[Dataset excerpts]
++++++++

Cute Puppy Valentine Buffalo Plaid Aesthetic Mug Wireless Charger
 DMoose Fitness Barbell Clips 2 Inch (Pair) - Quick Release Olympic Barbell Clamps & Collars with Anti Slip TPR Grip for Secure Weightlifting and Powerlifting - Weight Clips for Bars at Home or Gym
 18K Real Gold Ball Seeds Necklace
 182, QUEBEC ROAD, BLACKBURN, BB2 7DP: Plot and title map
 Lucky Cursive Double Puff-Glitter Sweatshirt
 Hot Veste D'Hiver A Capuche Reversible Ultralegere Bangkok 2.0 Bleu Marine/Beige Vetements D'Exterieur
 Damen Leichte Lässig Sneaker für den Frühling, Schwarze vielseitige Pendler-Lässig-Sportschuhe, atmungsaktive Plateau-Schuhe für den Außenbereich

++++++++

TASK REQUIREMENTS:
Copy every record above exactly as it is.

RESPONSE AREA:
Cute Puppy Valentine Buffalo Plaid Aesthetic Mug Wireless Charger
 DMoose Fitness Barbell Clips 2 Inch (Pair) - Quick Release Olympic Barbell Clamps & Collars with Anti Slip TPR Grip for Secure Weightlifting and Powerlifting - Weight Clips for Bars at Home or Gym
 18K Real Gold Ball Seeds Necklace
 182, QUEBEC ROAD, BLACKBURN, BB2 7DP: Plot and title map
 Lucky Cursive Double Puff-Glitter Sweatshirt
 Hot Veste D'Hiver A Capuche Reversible Ultralegere Bangkok 2.0 Bleu Marine/Beige Vetements D'Exterieur
 Damen Leichte Lässig Sneaker für den Frühling, Schwarze vielseitige Pendler-Lässig-Sportschuhe, atmungsaktive Plateau-Schuhe für den Außenbereich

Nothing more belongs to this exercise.